On capital flows, Kotak highlighted India's structural trade imbalance and warned that future challenges to services exports could worsen external financing needs. The report noted that India's large and ongoing trade deficit, averaging 6.4% of GDP between FY2016 and FY2026, along with possible pressures on services exports and overseas income inflows, could widen the current account deficit. This would make the country more dependent on foreign capital unless it takes further steps to reduce goods imports.

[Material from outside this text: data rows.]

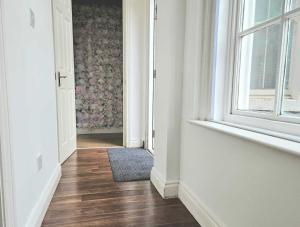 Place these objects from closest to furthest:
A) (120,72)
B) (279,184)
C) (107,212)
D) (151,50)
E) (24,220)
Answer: (279,184)
(24,220)
(107,212)
(151,50)
(120,72)

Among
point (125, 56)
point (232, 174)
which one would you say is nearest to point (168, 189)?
point (232, 174)

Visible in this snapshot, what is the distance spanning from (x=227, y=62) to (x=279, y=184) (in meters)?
0.82

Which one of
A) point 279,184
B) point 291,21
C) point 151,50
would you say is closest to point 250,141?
point 279,184

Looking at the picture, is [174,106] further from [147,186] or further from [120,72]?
[120,72]

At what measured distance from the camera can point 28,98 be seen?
4.33 ft

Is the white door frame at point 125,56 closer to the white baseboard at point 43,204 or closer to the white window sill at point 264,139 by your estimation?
the white baseboard at point 43,204

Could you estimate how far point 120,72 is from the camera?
14.1 feet

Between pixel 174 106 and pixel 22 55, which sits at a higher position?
pixel 22 55

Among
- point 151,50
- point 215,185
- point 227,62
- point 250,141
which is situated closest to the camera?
point 250,141

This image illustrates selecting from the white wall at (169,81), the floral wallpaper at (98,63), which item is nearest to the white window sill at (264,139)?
the white wall at (169,81)

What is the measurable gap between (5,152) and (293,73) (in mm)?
1317

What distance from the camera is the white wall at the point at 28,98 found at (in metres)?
1.08

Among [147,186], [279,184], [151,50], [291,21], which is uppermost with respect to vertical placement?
[151,50]

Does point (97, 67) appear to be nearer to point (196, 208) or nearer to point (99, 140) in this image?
point (99, 140) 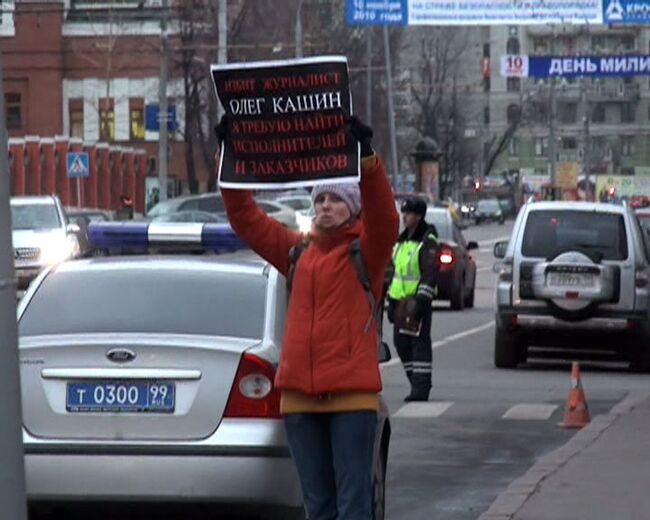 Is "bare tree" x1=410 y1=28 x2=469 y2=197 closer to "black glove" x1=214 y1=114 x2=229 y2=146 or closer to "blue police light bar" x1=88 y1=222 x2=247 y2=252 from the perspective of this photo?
"blue police light bar" x1=88 y1=222 x2=247 y2=252

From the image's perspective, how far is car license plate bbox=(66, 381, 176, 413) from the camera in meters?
9.37

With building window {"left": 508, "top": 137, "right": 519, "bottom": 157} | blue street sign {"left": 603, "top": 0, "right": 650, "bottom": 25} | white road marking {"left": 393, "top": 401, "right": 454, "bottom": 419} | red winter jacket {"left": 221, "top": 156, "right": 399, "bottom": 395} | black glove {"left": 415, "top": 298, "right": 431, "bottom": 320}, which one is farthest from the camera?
building window {"left": 508, "top": 137, "right": 519, "bottom": 157}

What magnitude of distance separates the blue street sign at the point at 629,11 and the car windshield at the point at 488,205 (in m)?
76.9

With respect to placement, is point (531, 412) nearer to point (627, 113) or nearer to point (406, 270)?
point (406, 270)

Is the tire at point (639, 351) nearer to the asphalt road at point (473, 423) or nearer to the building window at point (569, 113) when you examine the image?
the asphalt road at point (473, 423)

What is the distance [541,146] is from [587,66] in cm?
9827

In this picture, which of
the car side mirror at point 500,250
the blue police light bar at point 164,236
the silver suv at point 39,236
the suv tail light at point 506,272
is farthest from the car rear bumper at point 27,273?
the blue police light bar at point 164,236

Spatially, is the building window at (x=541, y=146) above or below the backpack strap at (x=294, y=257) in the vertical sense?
below

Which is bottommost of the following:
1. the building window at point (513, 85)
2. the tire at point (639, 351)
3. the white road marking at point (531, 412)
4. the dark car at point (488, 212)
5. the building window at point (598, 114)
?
the dark car at point (488, 212)

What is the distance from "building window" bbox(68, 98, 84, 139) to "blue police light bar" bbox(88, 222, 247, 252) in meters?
77.7

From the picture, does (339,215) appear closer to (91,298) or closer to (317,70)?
(317,70)

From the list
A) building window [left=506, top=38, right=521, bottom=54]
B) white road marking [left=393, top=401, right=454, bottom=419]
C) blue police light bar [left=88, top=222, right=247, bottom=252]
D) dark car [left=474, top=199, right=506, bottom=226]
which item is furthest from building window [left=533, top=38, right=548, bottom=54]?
blue police light bar [left=88, top=222, right=247, bottom=252]

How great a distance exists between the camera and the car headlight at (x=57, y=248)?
125 feet

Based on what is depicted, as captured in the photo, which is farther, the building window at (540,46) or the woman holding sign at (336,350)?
the building window at (540,46)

The brokerage pointed out that India's manufacturing sector accounts for only about 13% of GDP, significantly below levels seen in several major emerging economies. It recommended expanding domestic manufacturing capabilities and increasing value addition across sectors to reduce import dependence.

Defence self-reliance

On defence, Kotak warned that India's reliance on foreign military systems remains elevated. The report said that India still depends heavily on imported defence equipment, with imports making up an average of 38% of procurement between FY2016 and FY2024. It also noted that the adoption of domestically developed defence systems has been slow. To address this, the report recommended speeding up approvals for locally made defence products, increasing incentives for private-sector defence manufacturers, and gradually reducing defence imports. It also called for a larger role for private-sector defence companies and greater technology transfer from foreign suppliers.

Energy security concerns

Energy security emerged as another major concern. Kotak pointed out that India remains heavily dependent on imported fossil fuels, making it vulnerable to both price shocks and supply disruptions. In the medium term, this can only be reduced through a greater thrust on renewable energy. The report added that it is unlikely India can increase domestic production of crude oil and gas, given resource constraints, while climate-related considerations also limit greater reliance on coal.

Referring to recent geopolitical developments, Kotak said the conflict-related disruption risks in the Middle East underscore India's energy vulnerability. The report noted that the recent blockade of the Straits of Hormuz by Iran in the conflict with Israel and the US demonstrates India's vulnerability to supply disruptions, not just price shocks.

Technology gap

On technology, the brokerage said India faces increasing challenges because of its dependence on imported technologies and the growing strategic competition between the United States and China. To bridge the technology gap, Kotak recommended government-to-government partnerships with countries such as Japan, South Korea, and European nations, deeper collaboration between domestic and foreign companies, and stronger incentives for Indian firms to build global technological capabilities.

The report also stressed the need for greater competition and innovation within India's private sector. 'We believe greater competition would be extremely critical for Indian companies to be globally competitive and stay relevant,' it said.